Performance data for around 5,000 surgeons revealing how many patients have died in their care over the past year was made public by NHS England on Wednesday.
The league tables were launched for the first time last year but have been extended to cover 13 surgery areas and an extra 1,000 consultant surgeons for 2014.
The data shows the mortality rate of patients who have undergone a specific operation, such as cardiac surgery, under an individual doctor and whether they are within expected limits.
NHS England said the mortality rates for 'almost all surgeons' are 'within the expected range'.
The data is being published on new website MyNHS where patients can compare critical data about hospitals and the professionals who will be treating them.
In a speech on Wednesday, Health Secretary Jeremy Hunt said: 'Transparency is about patient outcomes, not process targets. It uses the power of a learning culture and of peer review, not blame.
'Healthcare globally has been slow to develop the kind of safety culture based on openness and transparency that has become normal in the airline, oil and nuclear industries. The NHS is now blazing a trail across the world as the first major health economy to adopt this kind of culture.'
But despite Norfolk surgeons being given a clean bill of health, not all are happy with the publication of the data.
Liam Hughes, an interventional cardiologist who has worked at the Norfolk and Norwich University Hospital (N&N) for 20 years, said: 'I, along with all the cardiologists at the N&N are comfortably within the accepted range of performance.
'However as Mark Twain famously said, 'there are lies, damn lies and statistics'.
'As presented, the crude data is potentially very misleading to the public and may have a detrimental rather than the anticipated 'transparency is always good' consequence.
'Everybody is competent but some surgeons will appear below average and if you're recording performance and ranking people what happens to the poor patients who think 'I'm going to look up Mr So and So. Oh my goodness, he is in the relegation zone'.'
He added the statistics did not take account of how risky individual procedures were. 'It will make some surgeons risk averse, for fear that your results will be used against you. Having an operation is intrinsically risky,' he added.
NHS England's medical director Professor Sir Bruce Keogh who has championed better transparency in the NHS, said the website will help to drive up standards.
'This represents another major step forward on the transparency journey,' he said.
'It will help drive up standards, and we are committed to expanding publication into other areas.
'The results demonstrate that surgery in this country is as good as anywhere in the western world and, in some specialities, it is better.
'The surgical community in this country deserves a great deal of credit for being a world leader in this area.'
At the weekend Sir Bruce said penalties will be enforced against hospital consultants who refuse to publish patient death rates, with around 2,500 believed to not be taking part in the initiative.
He told the Sunday Times: 'We are looking now at a series of inducements, penalties to force that (publishing death rates).'
He added: 'We will lose some surgeons.

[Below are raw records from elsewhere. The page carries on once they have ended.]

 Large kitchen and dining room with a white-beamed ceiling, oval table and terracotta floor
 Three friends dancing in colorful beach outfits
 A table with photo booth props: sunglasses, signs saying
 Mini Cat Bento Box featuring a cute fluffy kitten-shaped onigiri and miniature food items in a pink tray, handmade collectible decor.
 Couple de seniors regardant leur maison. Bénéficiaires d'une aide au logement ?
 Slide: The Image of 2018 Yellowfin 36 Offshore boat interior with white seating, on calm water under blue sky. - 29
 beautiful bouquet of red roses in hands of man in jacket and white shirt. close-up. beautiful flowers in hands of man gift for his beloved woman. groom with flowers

We will, and have as a consequence of this endeavour.'
But critics said the move to publish surgeon's performance data is 'crude and misleading'.

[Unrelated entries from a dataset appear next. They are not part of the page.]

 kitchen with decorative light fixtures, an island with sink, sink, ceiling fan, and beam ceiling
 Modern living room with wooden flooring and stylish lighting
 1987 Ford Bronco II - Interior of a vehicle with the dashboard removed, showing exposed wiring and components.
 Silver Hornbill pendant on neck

John MacFie, president of the Federation of Surgical Speciality Associations, which represents surgeons, said: 'There is now good anecdotal evidence that shows publishing this data has encouraged risk-averse behaviour, which is not in the interest of patients.

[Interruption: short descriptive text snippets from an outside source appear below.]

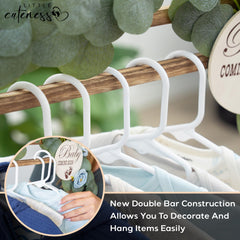 Little Cuteness eucalyptus decor adds calming greenery to a nursery display.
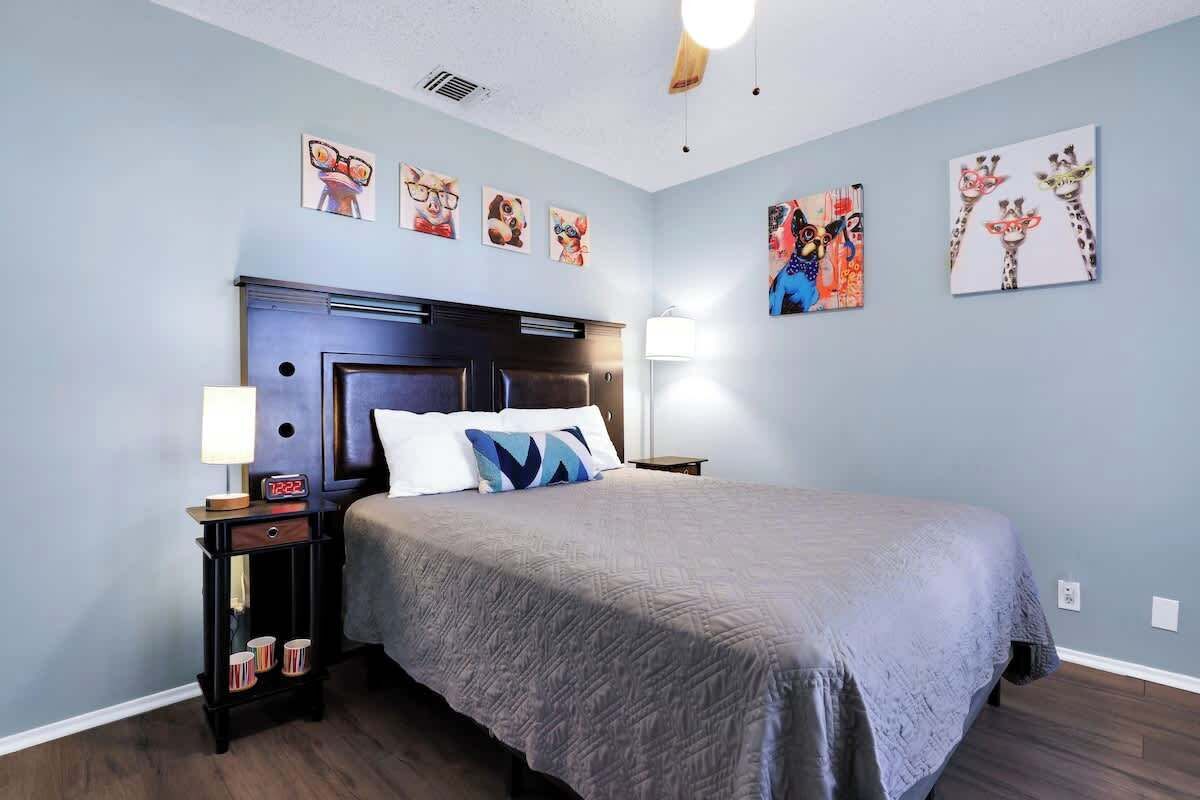 A bedroom with a large bed, a nightstand with a lamp, and artwork on the walls.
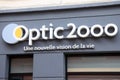 Optic 2000 logo facade wall sign text on store street brand facade Optician glasses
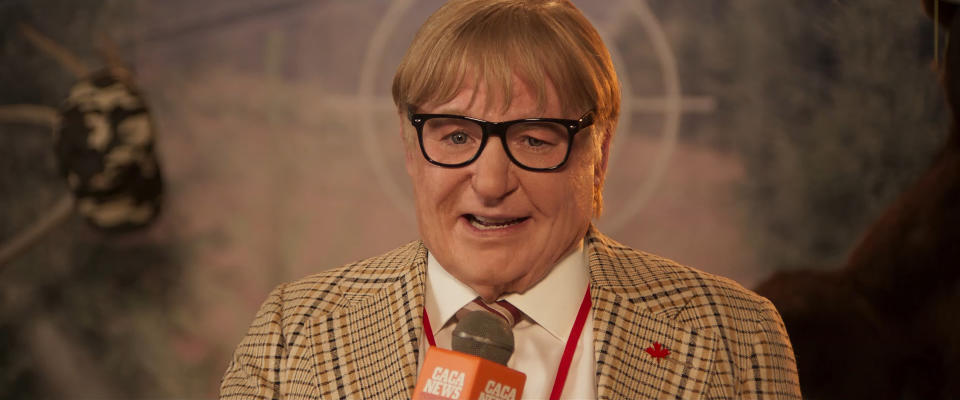 Mike Myers, pictured as Canadian journalist Ken Scarborough in The Pentaverate, takes on the role of eight characters in the comedy series (Netflix)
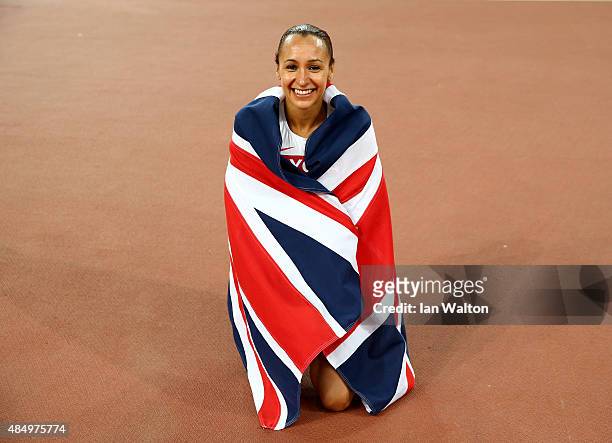 Jessica Ennis-Hill of Great Britain celebrates after winning the Women's Heptathlon 800 metres and the overall Heptathlon gold during day two of the...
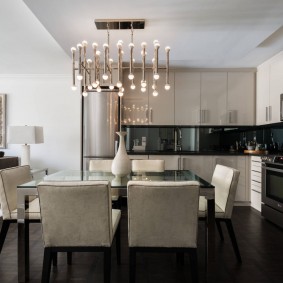 Stylish chandelier over the dining table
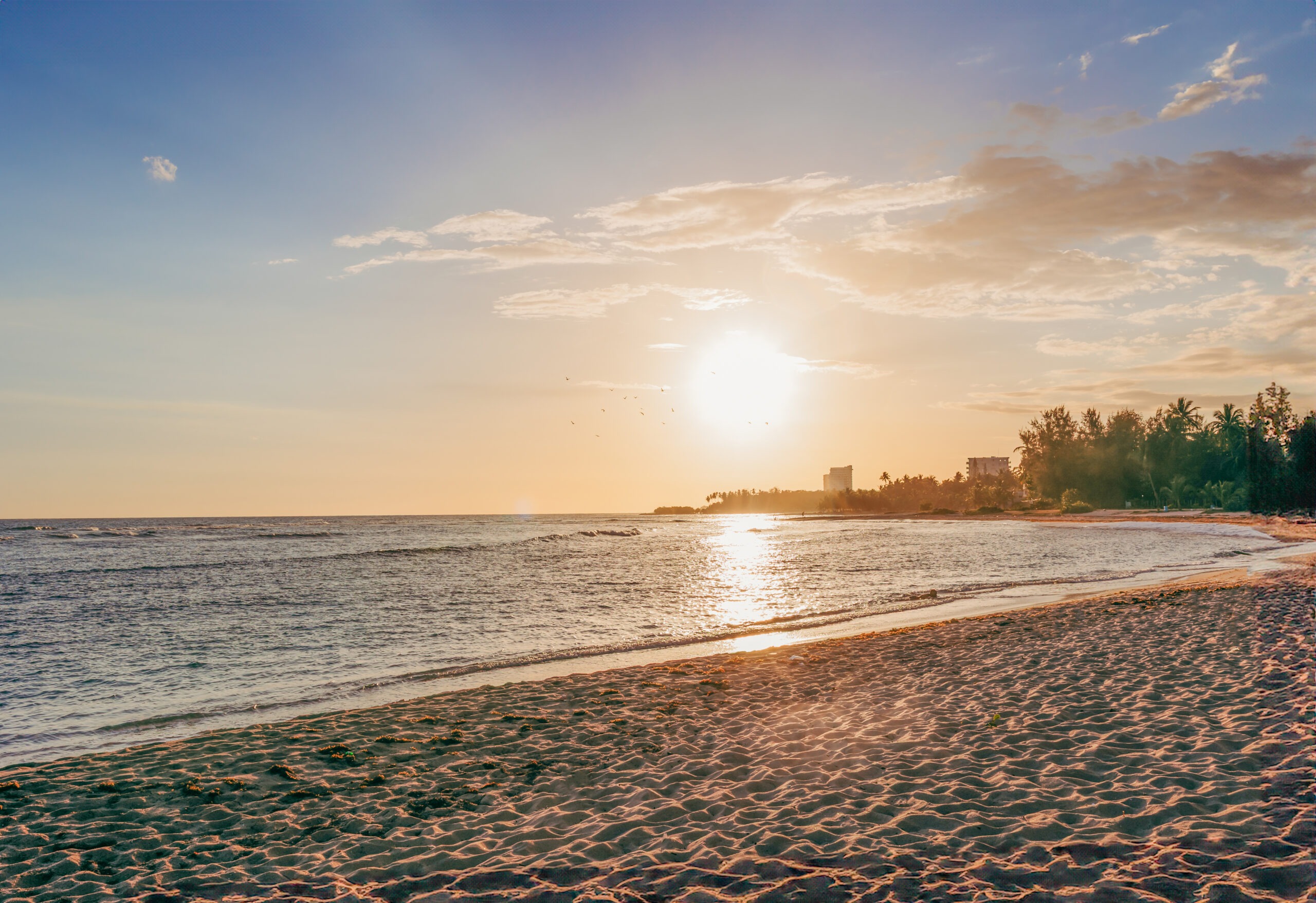 Sunset over tranquil beach landscape in Juan DOlio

'I believe that the data should only be published after any concerns in a surgeon's performance have been investigated.
'In reality very few deaths can be attributed to surgical error alone, and this data only attracts attention away from institutional failings. Put simply, hospitals should not be allowing surgeons to practice unless they can demonstrate their practice is safe.'
Work to compile the data has again been led by the Healthcare Quality Improvement Partnership (HQIP), which manages the National Clinical Audit programme on behalf of NHS England.